Data provided |
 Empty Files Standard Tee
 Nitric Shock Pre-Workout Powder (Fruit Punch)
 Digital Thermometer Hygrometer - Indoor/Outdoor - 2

Problem description | Return each line of the data exactly as written above.

Answer section |
 Empty Files Standard Tee
 Nitric Shock Pre-Workout Powder (Fruit Punch)
 Digital Thermometer Hygrometer - Indoor/Outdoor - 2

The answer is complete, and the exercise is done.